→ WHAT IS REQUIRED
Transcribe the line that contains "Binance карта visa как получить" and every line after it to the end of the records, exactly and nothing else. Skip the pictures.

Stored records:
"""

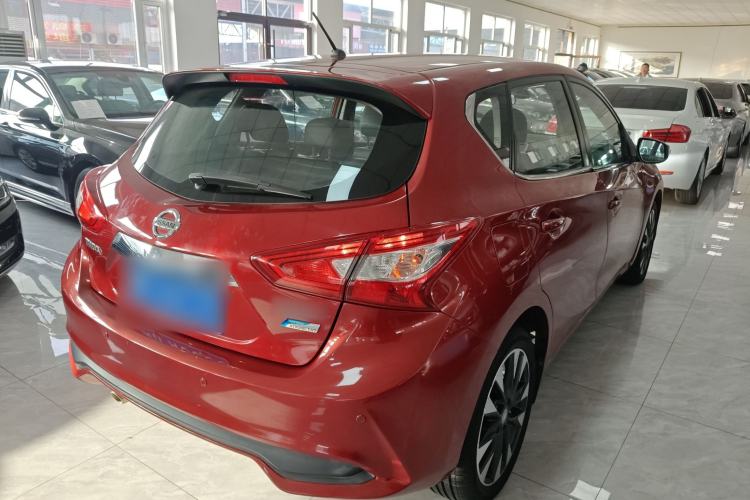 Used Nissan Tiida 2016 1.6L CVT ZhiZun Edition Rear Right 45 Deg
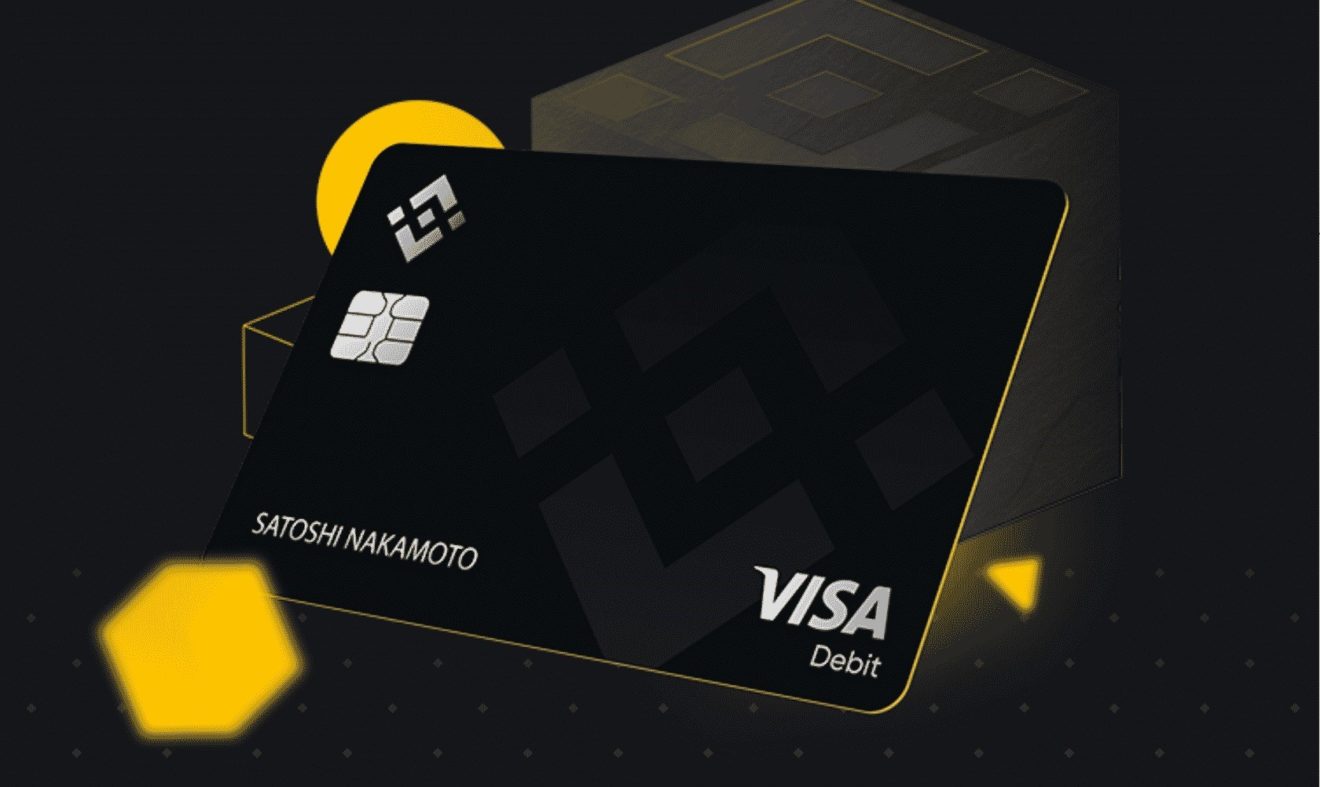 Binance карта visa как получить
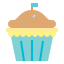 apple pie icon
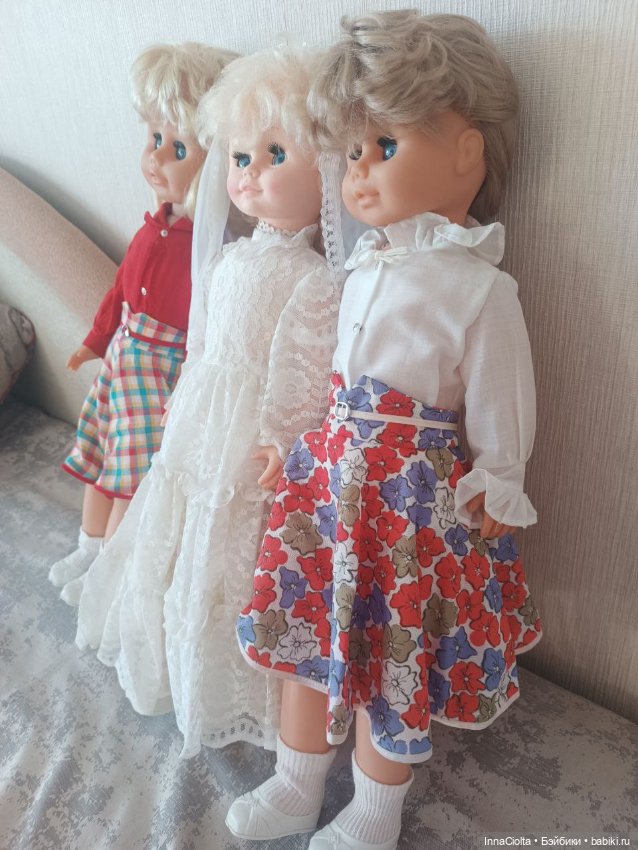 Подружки невесты из ГДР — Винтажные куклы и игрушки детства (фото 3)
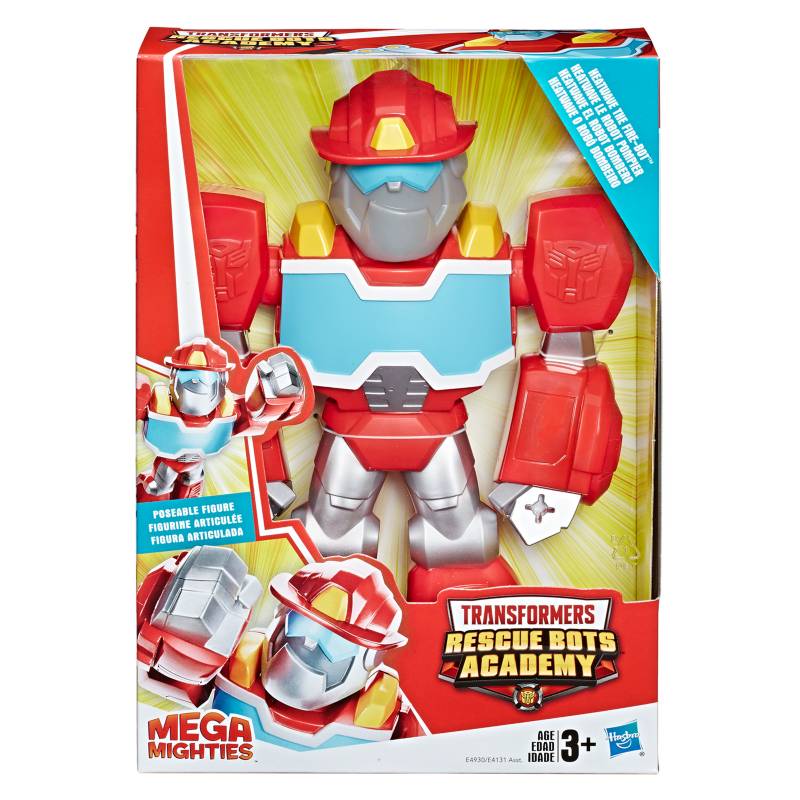 PSK HEROES - Figura de Acción Transformers Rescue Bots Mega Mighties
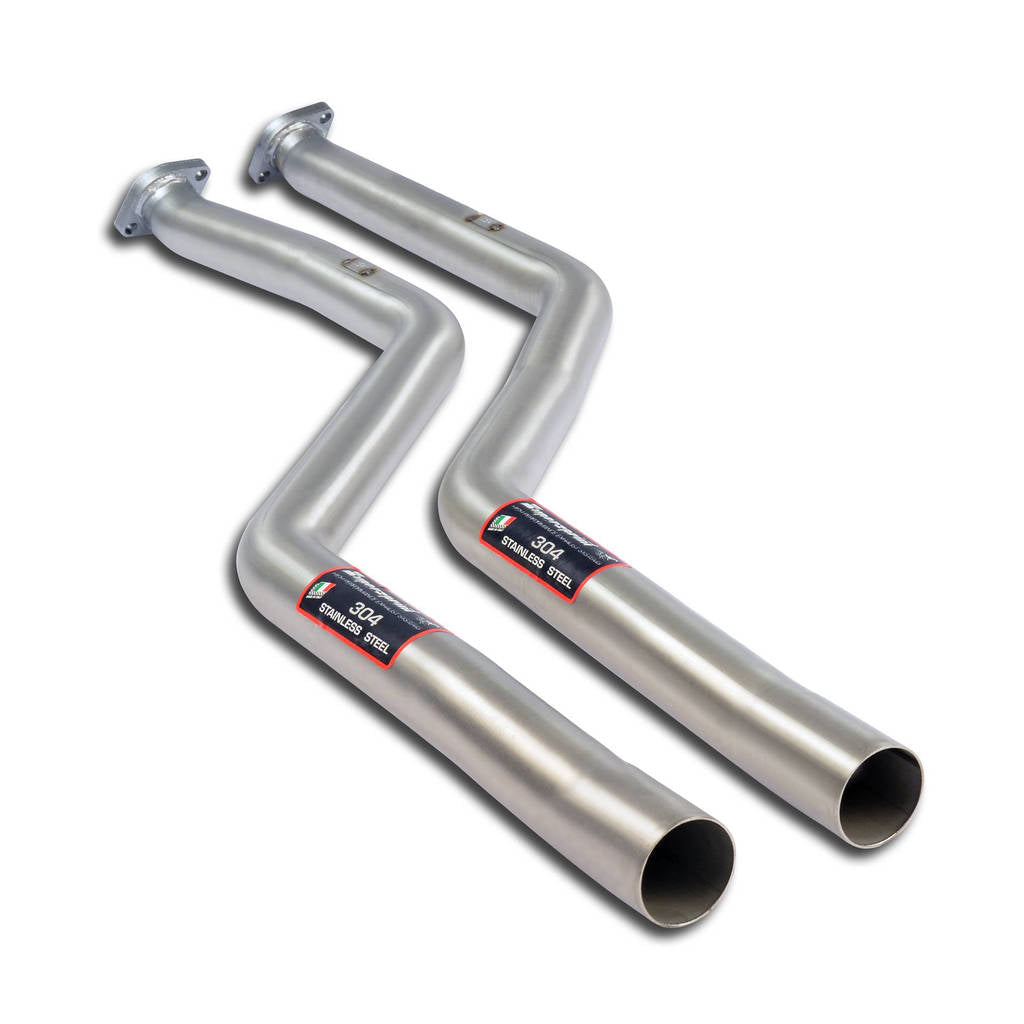 SUPERSPRINT 787312 Front pipes Kit Right + Left BMW E46 Photo-0 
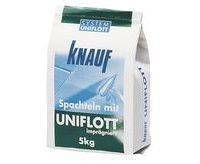 Шпатлевка гипсовая специальная  влагостойкая "Унифлот" (5кг) KNAUF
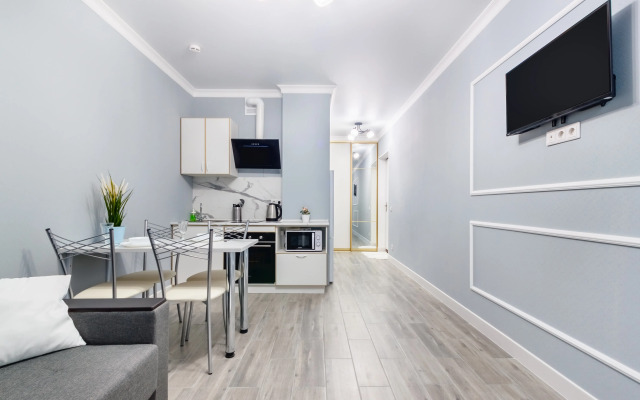 Komfortnye ot DoMino v tsentre ZHK Belyi Angel Apartments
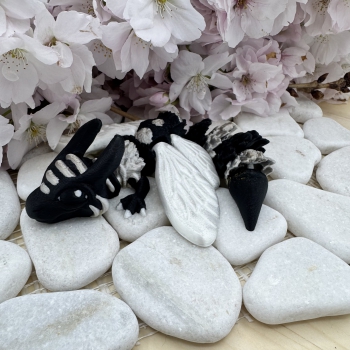 Bienendrache von Cinderwing3D – bewegliche Drachenfigur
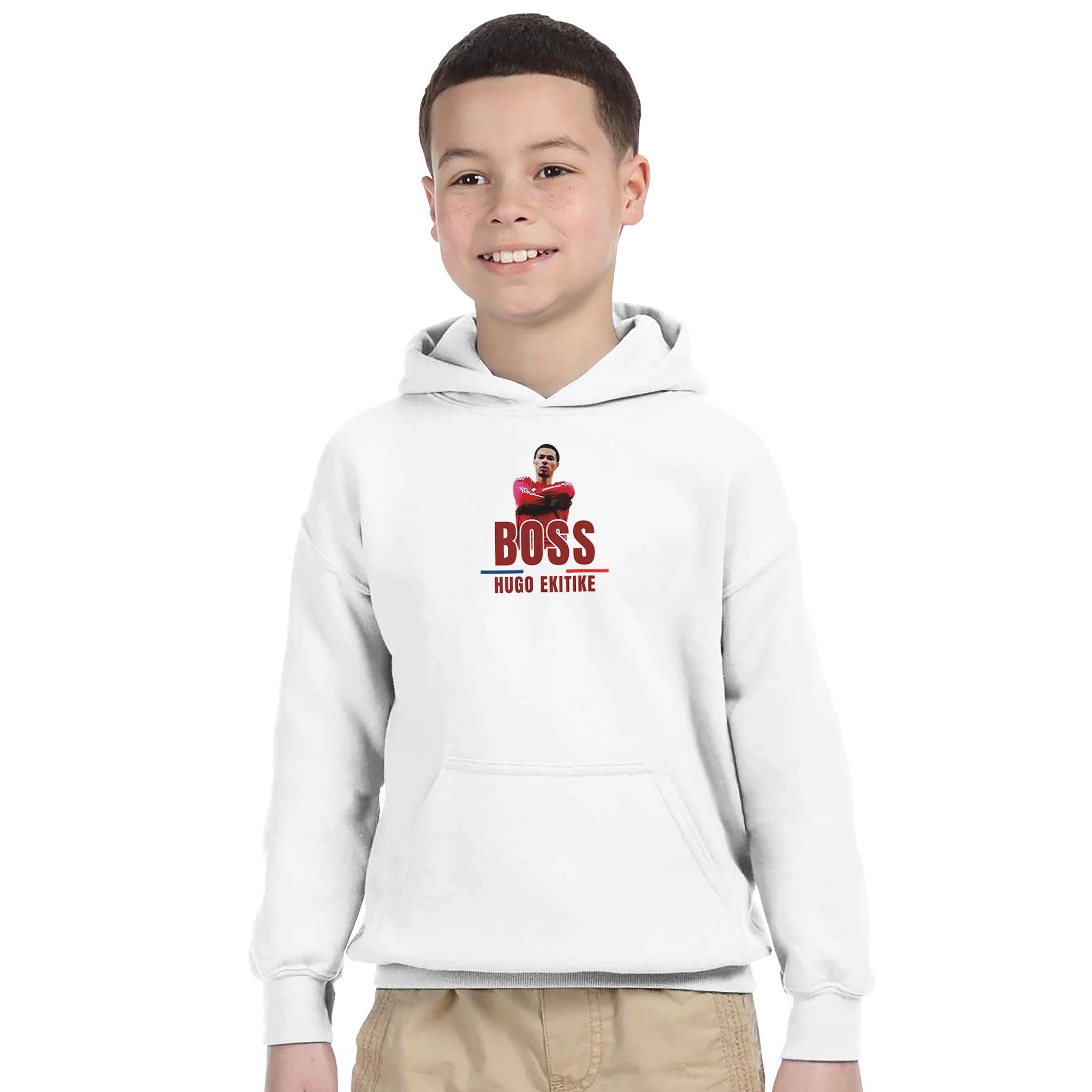 anfield-apparel-ekitike-boss-kinder-hoodie-baumwolle image 5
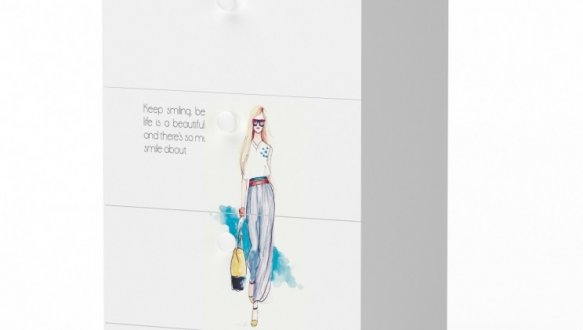 Комод високий 1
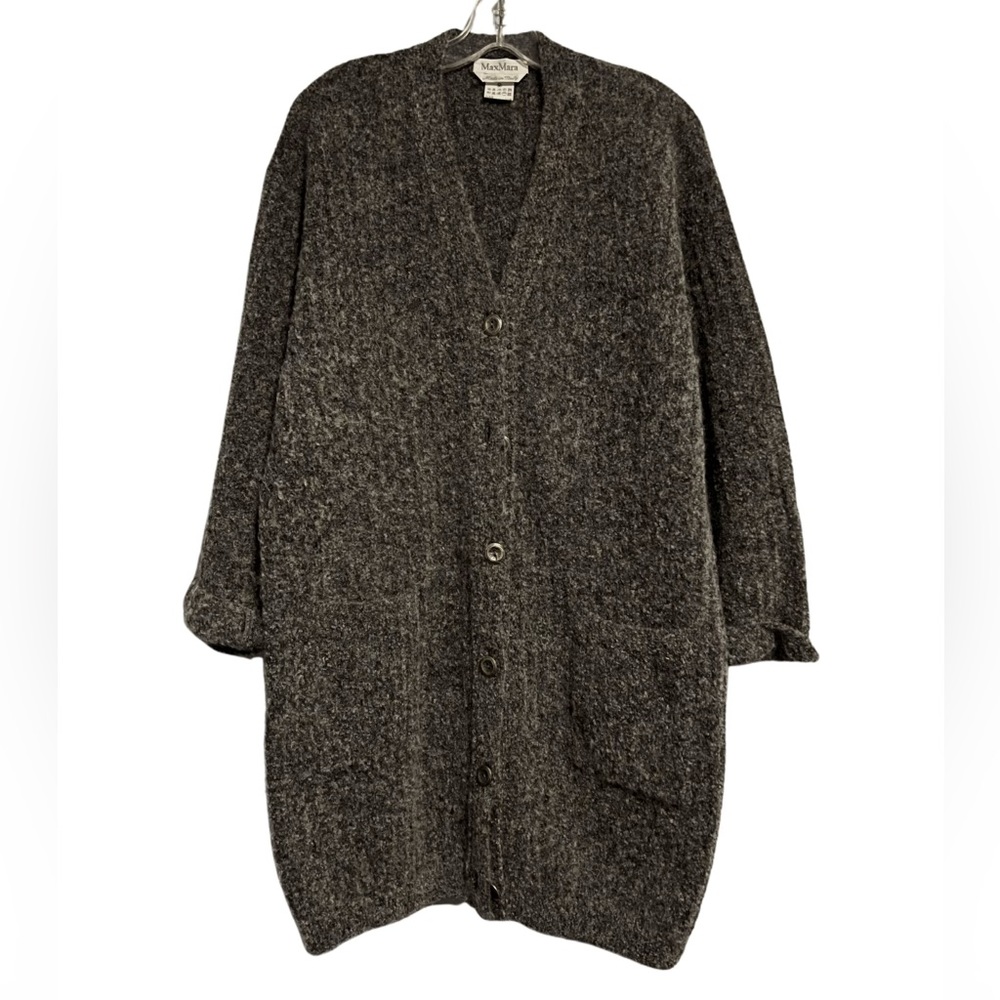 Max Mara Atelier wool coat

"""

→ SOLVED PROBLEM
 Binance карта visa как получить
 apple pie icon
 Подружки невесты из ГДР — Винтажные куклы и игрушки детства (фото 3)
 PSK HEROES - Figura de Acción Transformers Rescue Bots Mega Mighties
 SUPERSPRINT 787312 Front pipes Kit Right + Left BMW E46 Photo-0 
 Шпатлевка гипсовая специальная  влагостойкая "Унифлот" (5кг) KNAUF
 Komfortnye ot DoMino v tsentre ZHK Belyi Angel Apartments
 Bienendrache von Cinderwing3D – bewegliche Drachenfigur
 anfield-apparel-ekitike-boss-kinder-hoodie-baumwolle image 5
 Комод високий 1
 Max Mara Atelier wool coat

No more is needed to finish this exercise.